Go over the material below and report every line that contains the word "Thanks".

Data shown:
:::::
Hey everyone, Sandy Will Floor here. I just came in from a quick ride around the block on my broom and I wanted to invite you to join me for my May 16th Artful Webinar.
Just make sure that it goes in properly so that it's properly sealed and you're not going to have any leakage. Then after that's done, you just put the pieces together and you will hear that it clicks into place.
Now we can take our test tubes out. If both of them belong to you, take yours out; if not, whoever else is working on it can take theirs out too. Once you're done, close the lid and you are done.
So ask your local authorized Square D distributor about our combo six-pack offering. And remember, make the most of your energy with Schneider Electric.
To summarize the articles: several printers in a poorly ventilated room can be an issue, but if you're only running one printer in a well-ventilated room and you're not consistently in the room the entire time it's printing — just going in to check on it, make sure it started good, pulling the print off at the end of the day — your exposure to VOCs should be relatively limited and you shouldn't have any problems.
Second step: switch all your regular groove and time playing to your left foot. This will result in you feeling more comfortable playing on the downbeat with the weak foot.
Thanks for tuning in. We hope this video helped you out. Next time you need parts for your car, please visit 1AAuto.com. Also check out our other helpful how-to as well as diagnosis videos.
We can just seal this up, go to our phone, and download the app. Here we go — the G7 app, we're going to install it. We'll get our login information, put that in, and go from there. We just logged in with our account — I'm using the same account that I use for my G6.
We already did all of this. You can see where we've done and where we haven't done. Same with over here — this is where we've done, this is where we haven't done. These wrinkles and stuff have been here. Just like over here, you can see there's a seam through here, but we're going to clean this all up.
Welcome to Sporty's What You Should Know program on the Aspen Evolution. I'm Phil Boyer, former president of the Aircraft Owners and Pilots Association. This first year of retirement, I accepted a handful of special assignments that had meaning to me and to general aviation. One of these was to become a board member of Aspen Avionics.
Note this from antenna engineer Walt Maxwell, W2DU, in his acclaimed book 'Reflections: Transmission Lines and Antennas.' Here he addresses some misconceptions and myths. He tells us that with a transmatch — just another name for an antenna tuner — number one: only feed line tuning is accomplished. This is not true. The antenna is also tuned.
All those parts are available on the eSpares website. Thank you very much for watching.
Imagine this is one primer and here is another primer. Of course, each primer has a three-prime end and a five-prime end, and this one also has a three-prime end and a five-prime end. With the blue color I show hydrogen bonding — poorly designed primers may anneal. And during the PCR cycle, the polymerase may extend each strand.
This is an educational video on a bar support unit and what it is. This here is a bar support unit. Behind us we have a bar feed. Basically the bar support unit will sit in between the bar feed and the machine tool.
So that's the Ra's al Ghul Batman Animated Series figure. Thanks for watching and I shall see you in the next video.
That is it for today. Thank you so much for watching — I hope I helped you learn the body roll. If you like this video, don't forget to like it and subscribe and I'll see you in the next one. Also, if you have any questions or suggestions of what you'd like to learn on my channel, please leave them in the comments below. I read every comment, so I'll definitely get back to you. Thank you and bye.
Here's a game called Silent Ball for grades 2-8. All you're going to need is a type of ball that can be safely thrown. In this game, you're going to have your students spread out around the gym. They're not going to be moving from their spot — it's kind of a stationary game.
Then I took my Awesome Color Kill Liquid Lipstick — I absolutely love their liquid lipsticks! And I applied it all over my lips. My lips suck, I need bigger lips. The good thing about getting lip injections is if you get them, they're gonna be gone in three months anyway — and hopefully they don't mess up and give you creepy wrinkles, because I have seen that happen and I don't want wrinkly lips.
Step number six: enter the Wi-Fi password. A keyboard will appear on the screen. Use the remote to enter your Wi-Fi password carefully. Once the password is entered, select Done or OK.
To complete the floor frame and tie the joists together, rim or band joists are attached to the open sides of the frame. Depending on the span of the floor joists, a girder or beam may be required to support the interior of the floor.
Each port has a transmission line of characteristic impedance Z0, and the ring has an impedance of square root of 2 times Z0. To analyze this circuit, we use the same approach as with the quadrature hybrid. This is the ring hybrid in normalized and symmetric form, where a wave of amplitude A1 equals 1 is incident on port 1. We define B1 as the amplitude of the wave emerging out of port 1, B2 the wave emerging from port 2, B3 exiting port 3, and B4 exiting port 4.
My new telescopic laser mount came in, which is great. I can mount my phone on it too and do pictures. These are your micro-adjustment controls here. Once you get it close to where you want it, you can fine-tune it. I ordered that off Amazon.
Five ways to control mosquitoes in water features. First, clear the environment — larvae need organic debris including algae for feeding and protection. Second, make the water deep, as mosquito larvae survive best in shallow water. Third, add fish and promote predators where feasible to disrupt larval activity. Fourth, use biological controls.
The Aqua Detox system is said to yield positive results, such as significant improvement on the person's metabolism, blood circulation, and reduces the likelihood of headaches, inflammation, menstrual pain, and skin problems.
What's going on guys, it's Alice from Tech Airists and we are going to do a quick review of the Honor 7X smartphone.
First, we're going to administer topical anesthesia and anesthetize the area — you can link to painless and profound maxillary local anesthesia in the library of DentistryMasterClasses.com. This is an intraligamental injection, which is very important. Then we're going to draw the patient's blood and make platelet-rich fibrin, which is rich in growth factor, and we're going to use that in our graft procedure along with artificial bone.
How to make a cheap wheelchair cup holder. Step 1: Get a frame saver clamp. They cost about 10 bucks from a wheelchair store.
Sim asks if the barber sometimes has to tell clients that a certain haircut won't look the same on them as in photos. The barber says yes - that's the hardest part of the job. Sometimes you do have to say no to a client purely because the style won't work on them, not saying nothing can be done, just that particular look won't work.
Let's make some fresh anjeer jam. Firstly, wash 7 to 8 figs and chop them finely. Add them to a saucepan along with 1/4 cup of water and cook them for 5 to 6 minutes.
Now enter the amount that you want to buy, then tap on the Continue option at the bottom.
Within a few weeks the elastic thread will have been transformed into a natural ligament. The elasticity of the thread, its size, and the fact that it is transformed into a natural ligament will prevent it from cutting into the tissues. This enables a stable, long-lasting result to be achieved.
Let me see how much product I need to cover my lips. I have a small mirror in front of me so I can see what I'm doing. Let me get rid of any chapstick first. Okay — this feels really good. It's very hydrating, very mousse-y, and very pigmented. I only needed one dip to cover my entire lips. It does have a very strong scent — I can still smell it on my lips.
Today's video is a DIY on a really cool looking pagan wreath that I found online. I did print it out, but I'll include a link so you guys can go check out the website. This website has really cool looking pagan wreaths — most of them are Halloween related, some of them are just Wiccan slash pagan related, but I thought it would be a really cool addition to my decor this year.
:::::
Task output:
Thanks for tuning in. We hope this video helped you out. Next time you need parts for your car, please visit 1AAuto.com. Also check out our other helpful how-to as well as diagnosis videos.
So that's the Ra's al Ghul Batman Animated Series figure. Thanks for watching and I shall see you in the next video.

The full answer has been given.